- WORK TASK
Nothing but the lines from the one showing "Buscan a Enzo, el perro de Lenna" through the final line of the data below belongs in the answer, duplicated exactly and without pictures.
──────
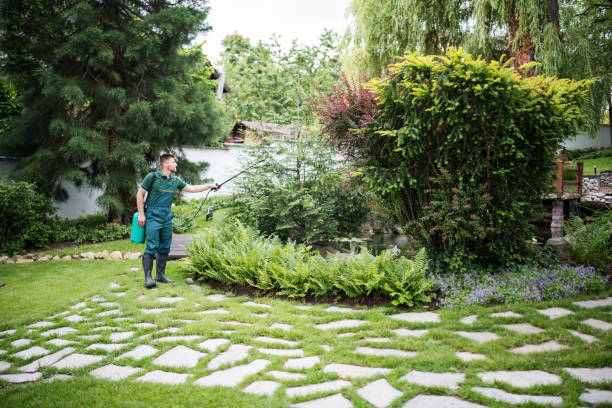 Best Affordable Pest Control Services  in Franklin Square, NY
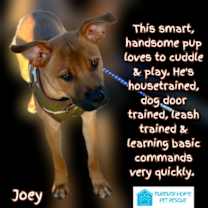 Thumbnail photo of Joey #3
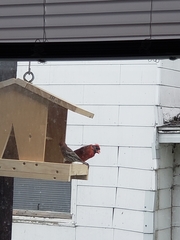 Haemorhous mexicanus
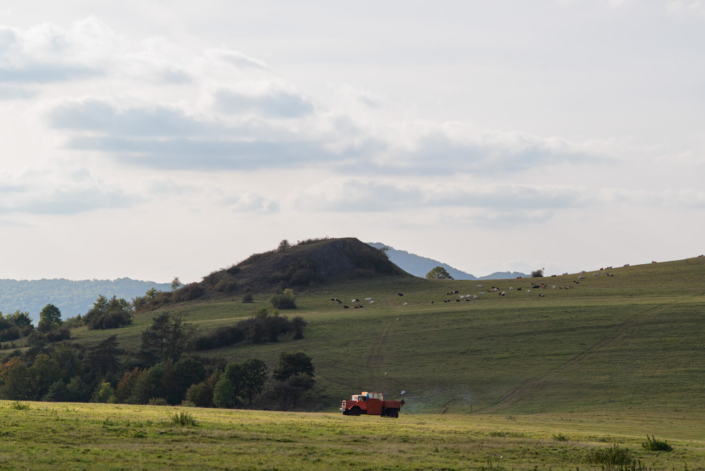 x-HWGHV_2023-09-30_D800_1748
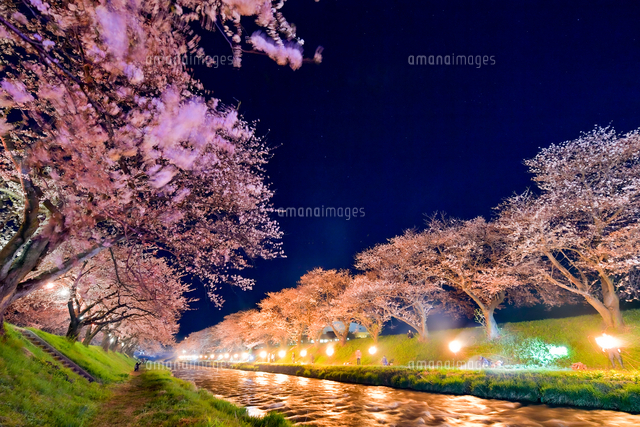 あさひ舟川「春の四重奏」桜並木のライトアップ[10023000090]の写真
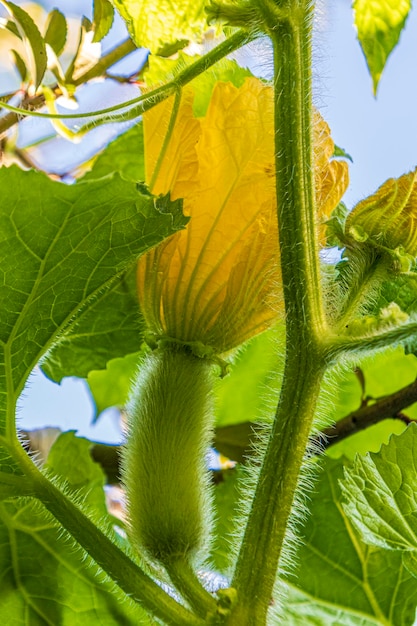 写真 植物の緑の葉のクローズアップ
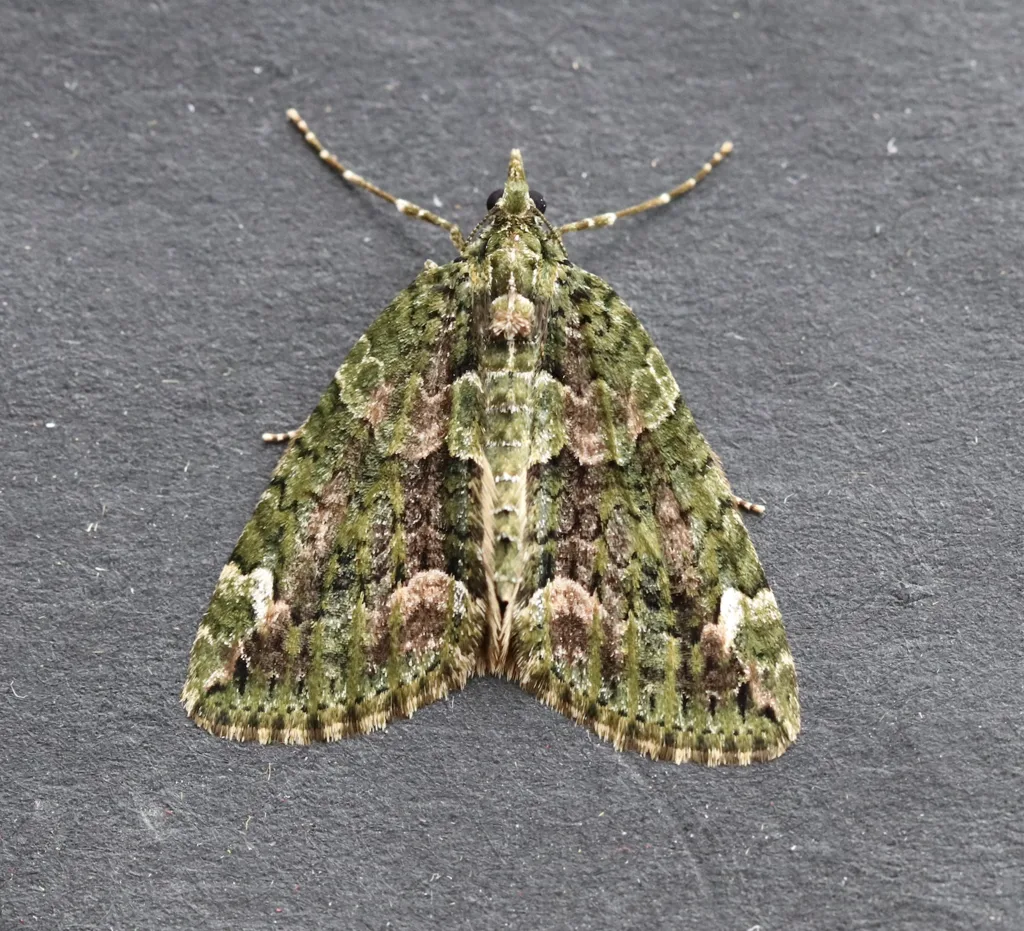 Chloroclysta siterata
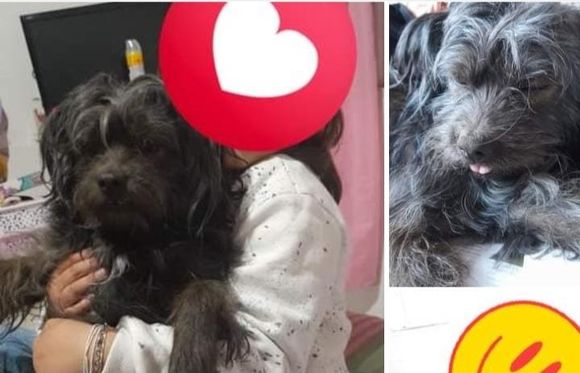 Buscan a Enzo, el perro de Lenna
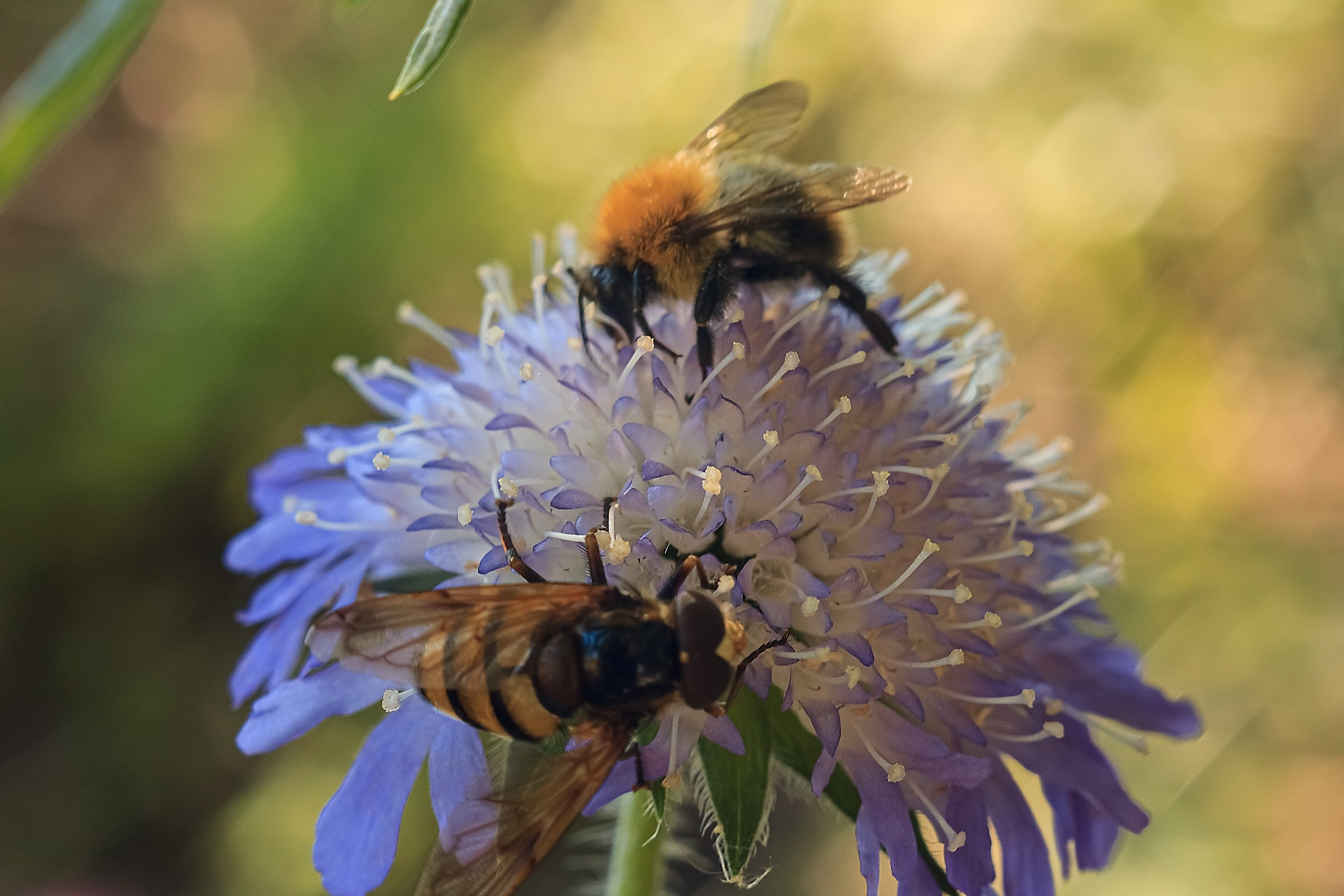 Мысли Вслух. Аmat Victoria Сuram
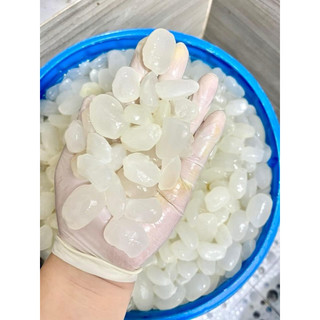 Hạt Đác Tươi bịch 1kg (giao tphcm)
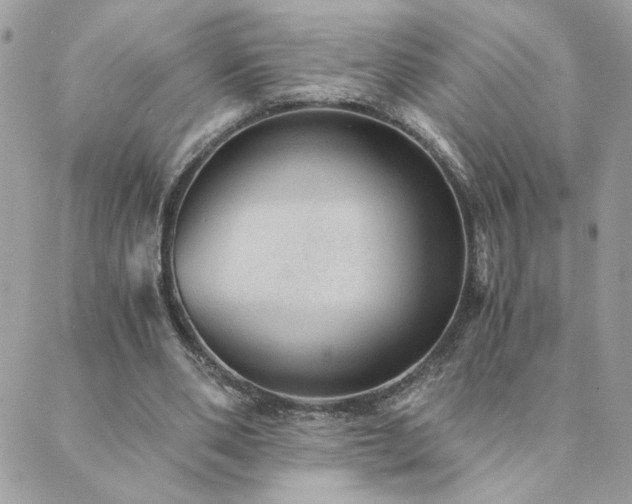 X0000089970486200706291350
──────
- YOUR RESPONSE
 Buscan a Enzo, el perro de Lenna
 Мысли Вслух. Аmat Victoria Сuram
 Hạt Đác Tươi bịch 1kg (giao tphcm)
 X0000089970486200706291350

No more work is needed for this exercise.